SSE 200 does not mean "subscribed" — a Realtime join-before-publish race drops first-turn tokens
SSE join-before-publish race (SPEC-568)
Problem
The operator’s World Agent chat reply was lost on the first turn after an API
boot. The workers ran the agent (confirmed by real xAI/Grok 200s) and published
the tokens, but the operator’s SSE stream (GET …/stream) returned 200 and then
delivered nothing — no error. Repeat turns worked.
Investigation
- Isolated the bridge — a standalone publisher + subscriber (the real adapters) against the running local Realtime server delivered every chunk. Transport/auth were fine.

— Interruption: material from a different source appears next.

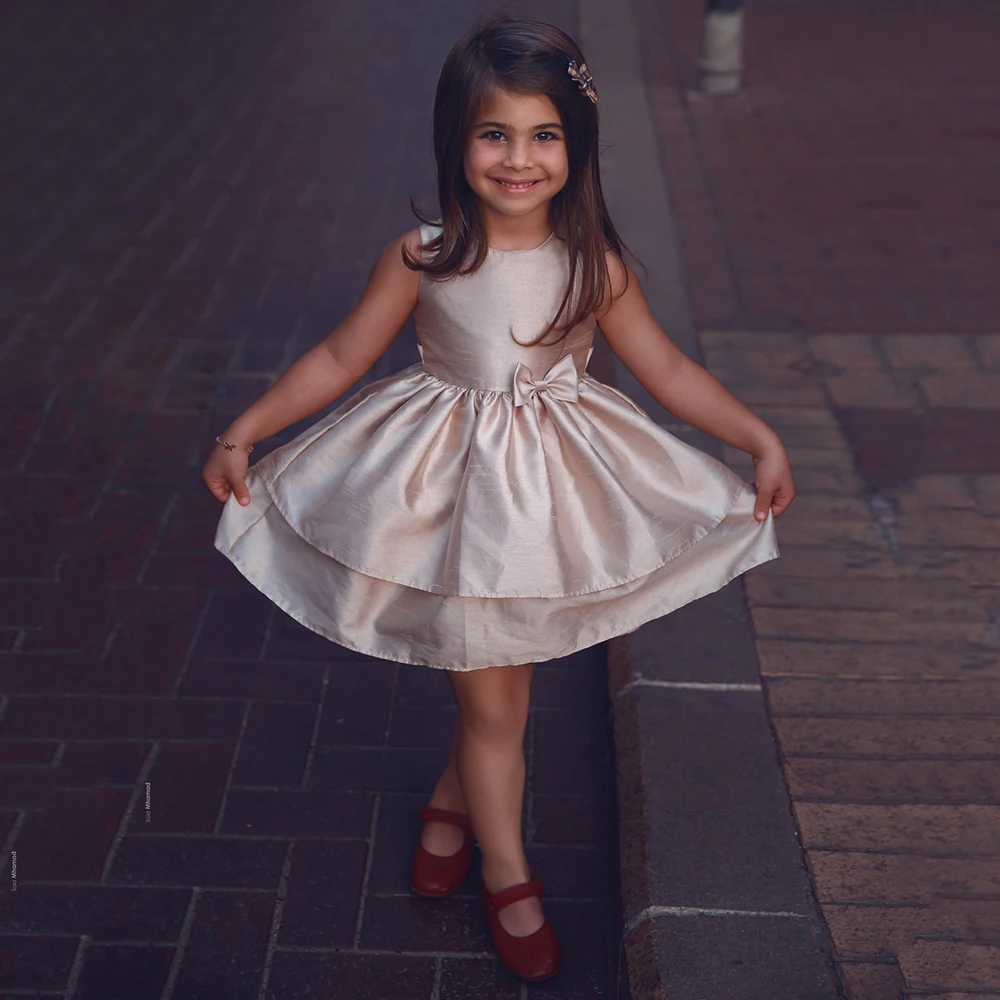 Simple Jewel Sleeveless Girl's Party Dresses with Bow Short Flower Girl Dress Tiered A Line First Communion Gown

- Independent probe during a real dispatch — a second subscriber on the conversation channel received the tokens. So the workers publish correctly.
- Instrumented the api subscriber — on a cold API the SSE route returns HTTP 200
(StreamingResponse start) before the Realtime channel join completes. The join
(the first one pays the websocket
connect()cost) can finish after the workers publish. Supabase Realtime does not replay to a not-yet-joined channel, so the broadcast is dropped. - A/B confirmed the race — cold first turn loses tokens; once the shared client is warm, joins are instant and every turn delivers.
Root cause
Two compounding facts:
- HTTP 200 on an SSE stream means “response started”, not “subscribed”. The channel join happened lazily inside the StreamingResponse generator, after the 200. The client (cockpit) treats the open stream as “ready” and dispatches — so the publish can beat the join.
- The test double diverged from the production adapter. Production used
SupabaseBroadcastSubscriber(lazy connect + channel join); the unit tests and the “live bridge” IT exercisedRealtimeChannelSubscriber, a plainasync forover a fake bus with no join step. The two adapters differed exactly on the racing line, so no test modelled it.
Solution
Join the channel before the HTTP response begins. ChannelSubscriber.subscribe
became async open(channel), which blocks until the channel reports SUBSCRIBED
(fail-closed TimeoutError → 503), then returns the joined chunk iterator. The route
awaits open before returning StreamingResponse(sse_stream(chunks)). The cockpit’s
existing await-stream-then-dispatch becomes correct with no client change.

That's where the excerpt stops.